WORK REQUIRED →
Restate word for word the lines below from the one that has "Trendyol Aldığım Kıyafet Eşleşmiyor" through the one that has "Eco-Pack 2400 gommettes", keeping both and dropping all pictures.

DATA TO PROCESS →
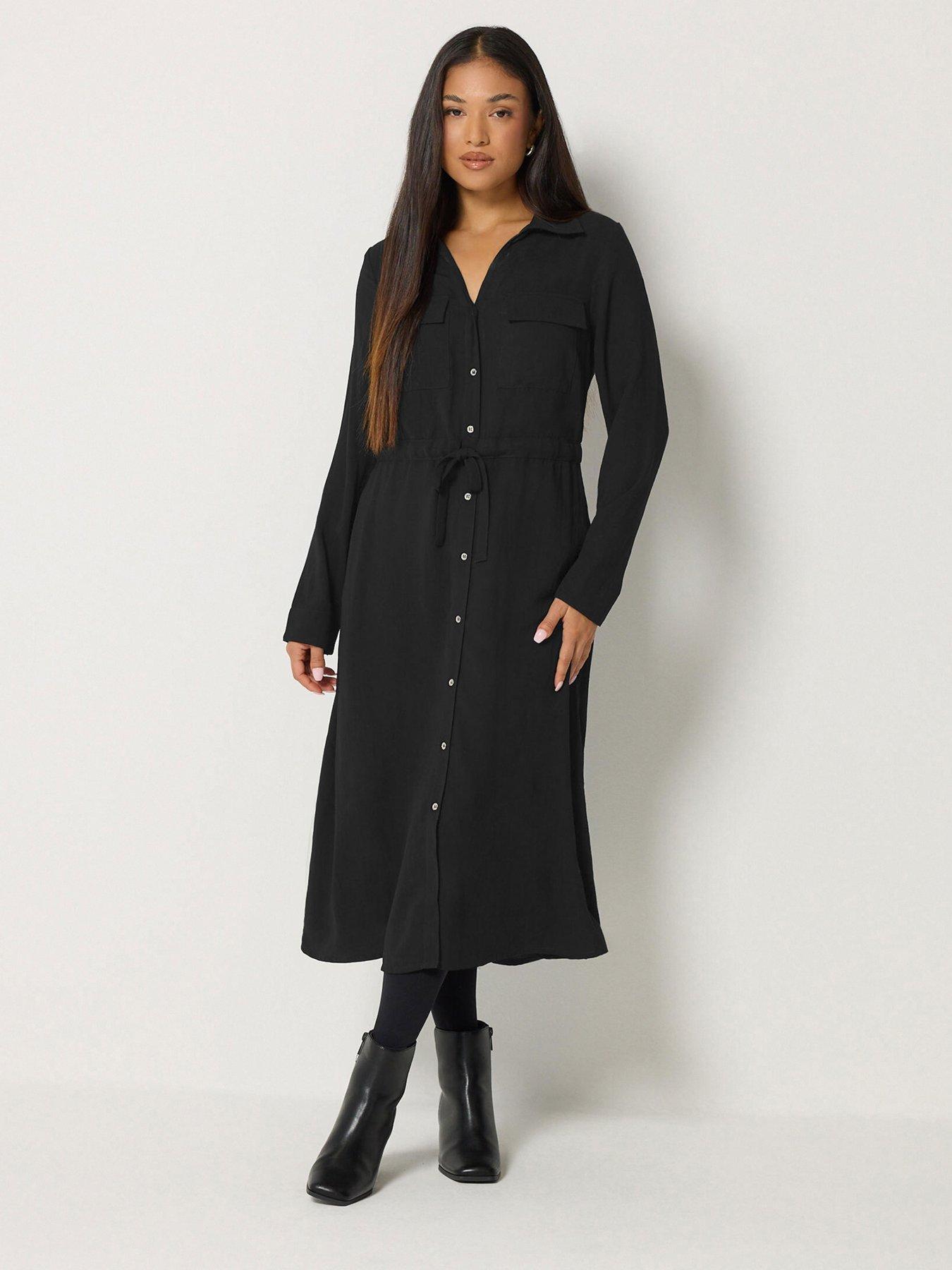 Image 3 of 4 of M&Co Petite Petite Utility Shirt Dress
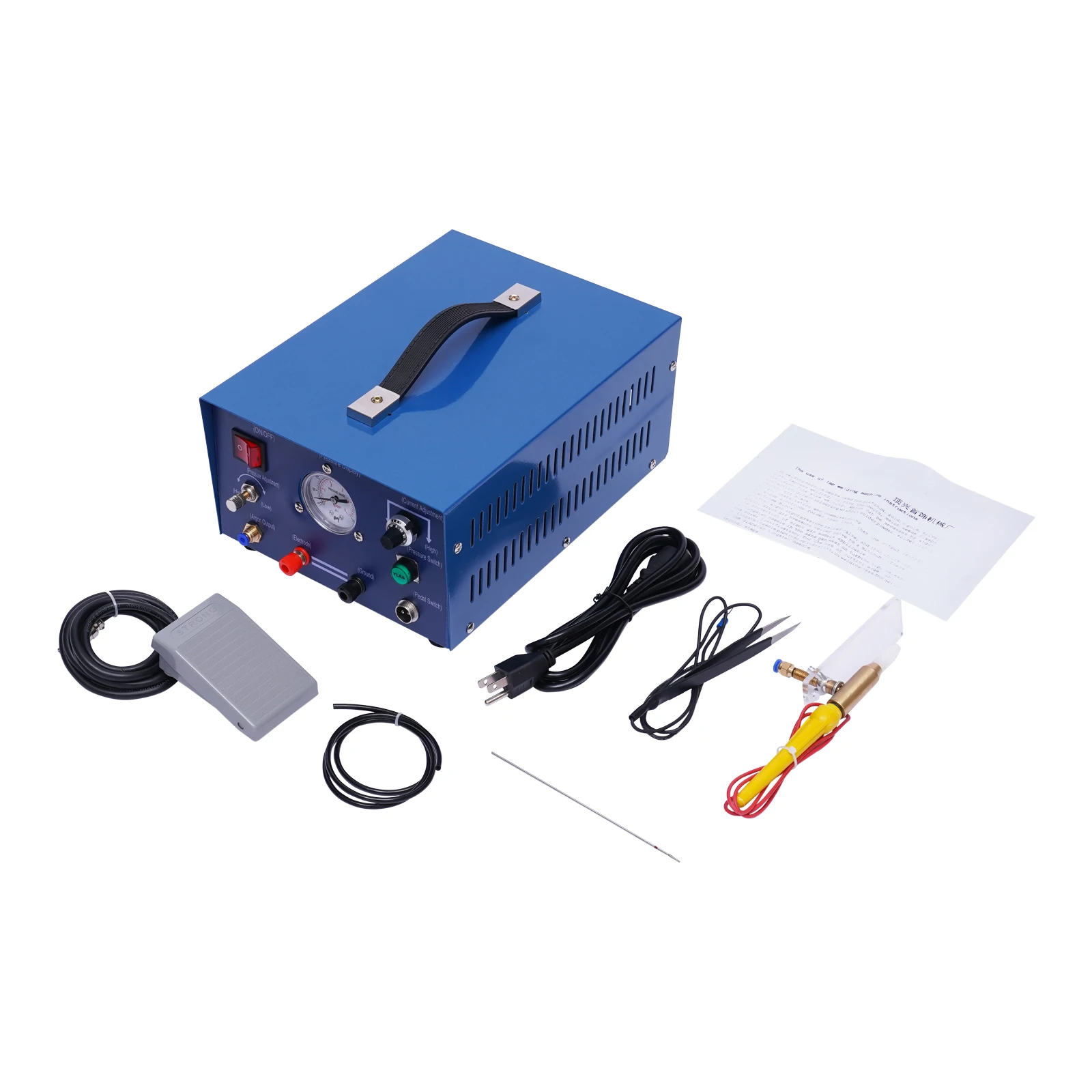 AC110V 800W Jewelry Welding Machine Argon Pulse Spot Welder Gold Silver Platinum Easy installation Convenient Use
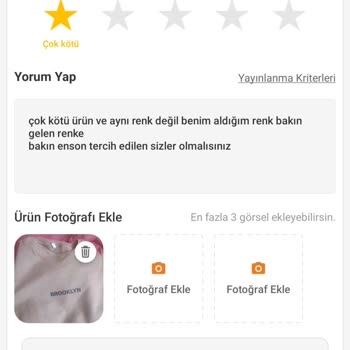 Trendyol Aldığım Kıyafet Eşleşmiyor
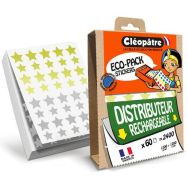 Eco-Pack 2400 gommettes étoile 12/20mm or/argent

==

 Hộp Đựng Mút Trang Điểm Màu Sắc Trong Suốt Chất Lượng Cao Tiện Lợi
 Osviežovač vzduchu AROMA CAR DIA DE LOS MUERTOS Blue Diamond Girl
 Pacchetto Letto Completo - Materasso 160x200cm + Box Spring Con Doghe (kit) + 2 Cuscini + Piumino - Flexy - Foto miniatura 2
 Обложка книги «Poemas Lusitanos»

SOLUTION TO THIS PROBLEM →
 Trendyol Aldığım Kıyafet Eşleşmiyor
 Eco-Pack 2400 gommettes étoile 12/20mm or/argent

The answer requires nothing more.